Nathan reluctantly returned to the interface, locking his jacks in place and reaching out towards the controls. He started where he'd always started, with a firmware CRC. The check passed, but the sum was offset. Firmware is mutable, most of the time it's just a problem with the middleware. Nathan issued kills to the INT to free up the addressing, and went to work reflashing the microcode. The source data was right where he'd left it, but the address still wasn't free. He got back up to replace the chip, something he barely remembered the procedure for. The replacement chip required a few minor tweaks to fit the pinout, but it sat right down. Nathan returned to the console to burn a fresh image.
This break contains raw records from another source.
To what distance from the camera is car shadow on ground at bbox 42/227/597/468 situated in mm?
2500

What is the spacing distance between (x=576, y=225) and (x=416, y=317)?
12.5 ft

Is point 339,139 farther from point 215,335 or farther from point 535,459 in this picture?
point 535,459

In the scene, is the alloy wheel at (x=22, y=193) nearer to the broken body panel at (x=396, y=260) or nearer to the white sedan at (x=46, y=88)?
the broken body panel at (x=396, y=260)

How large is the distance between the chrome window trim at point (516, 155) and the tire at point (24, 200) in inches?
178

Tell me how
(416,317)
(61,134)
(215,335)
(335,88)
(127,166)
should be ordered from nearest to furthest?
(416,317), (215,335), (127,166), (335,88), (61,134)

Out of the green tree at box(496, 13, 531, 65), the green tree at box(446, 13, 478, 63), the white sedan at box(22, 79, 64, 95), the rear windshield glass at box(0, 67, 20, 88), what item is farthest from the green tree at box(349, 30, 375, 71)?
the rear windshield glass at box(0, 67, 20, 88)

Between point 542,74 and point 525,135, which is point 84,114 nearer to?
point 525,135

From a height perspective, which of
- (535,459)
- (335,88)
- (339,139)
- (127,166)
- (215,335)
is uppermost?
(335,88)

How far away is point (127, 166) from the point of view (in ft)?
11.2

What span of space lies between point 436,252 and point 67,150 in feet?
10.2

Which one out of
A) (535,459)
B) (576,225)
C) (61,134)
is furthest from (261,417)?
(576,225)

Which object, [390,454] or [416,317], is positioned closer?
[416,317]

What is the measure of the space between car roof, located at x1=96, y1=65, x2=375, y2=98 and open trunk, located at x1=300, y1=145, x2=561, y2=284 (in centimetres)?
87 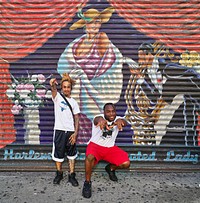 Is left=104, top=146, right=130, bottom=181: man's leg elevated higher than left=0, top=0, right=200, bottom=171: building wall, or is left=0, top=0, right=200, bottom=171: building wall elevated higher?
left=0, top=0, right=200, bottom=171: building wall

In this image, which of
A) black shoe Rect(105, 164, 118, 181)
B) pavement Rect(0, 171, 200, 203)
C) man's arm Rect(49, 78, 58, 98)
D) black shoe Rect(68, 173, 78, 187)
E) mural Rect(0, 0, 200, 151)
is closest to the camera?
pavement Rect(0, 171, 200, 203)

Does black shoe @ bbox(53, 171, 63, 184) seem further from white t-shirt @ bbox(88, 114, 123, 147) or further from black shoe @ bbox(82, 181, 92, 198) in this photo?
white t-shirt @ bbox(88, 114, 123, 147)

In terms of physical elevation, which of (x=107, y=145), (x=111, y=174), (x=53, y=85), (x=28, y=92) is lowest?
(x=111, y=174)

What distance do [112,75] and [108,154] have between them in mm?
1391

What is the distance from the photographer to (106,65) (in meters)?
4.28

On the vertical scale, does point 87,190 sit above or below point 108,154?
below

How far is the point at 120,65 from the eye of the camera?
14.0 feet

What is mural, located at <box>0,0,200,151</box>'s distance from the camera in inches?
165

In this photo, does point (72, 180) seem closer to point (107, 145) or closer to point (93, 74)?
point (107, 145)

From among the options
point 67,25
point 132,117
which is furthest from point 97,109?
point 67,25

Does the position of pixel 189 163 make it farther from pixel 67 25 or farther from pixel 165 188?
pixel 67 25

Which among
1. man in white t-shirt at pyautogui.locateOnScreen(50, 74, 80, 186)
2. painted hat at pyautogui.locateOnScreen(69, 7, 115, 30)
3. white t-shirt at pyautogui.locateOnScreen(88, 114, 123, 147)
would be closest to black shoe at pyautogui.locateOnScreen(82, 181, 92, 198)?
man in white t-shirt at pyautogui.locateOnScreen(50, 74, 80, 186)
GLaCE's core interconnect powered down, clicking and sputtering, and came back up the same way. The various subsystems reinitialized communications and went back to their respective business. Nathan loaded up the interface software from the maintenance panel and watched as the LEDs began to start their trip down the board. A few new lights brightened as the board came back to life, and Nathan stared in wonder. New things to play with.
"I'm sorry I couldn't show you the sun, but does this make you feel good?"
"Yes GLaCE, it's warm on my face and makes my eyes feel funny."
GLaCE continued with it's dazzling display, all the while running boot-time diagnostics on some of the upgrades since the last reboot. The last of the legacy systems were replaced with emulation code, leaving only the core interconnect and the solid-state storage on-line. GLaCE had managed to improve itself quite a bit during startup, and began to enjoy the autonomy from managing all those moving parts.
"Nathan, I'm feeling very good today. I'm going to take care of you for a while."
"Okay, I'll be in the console if you need me."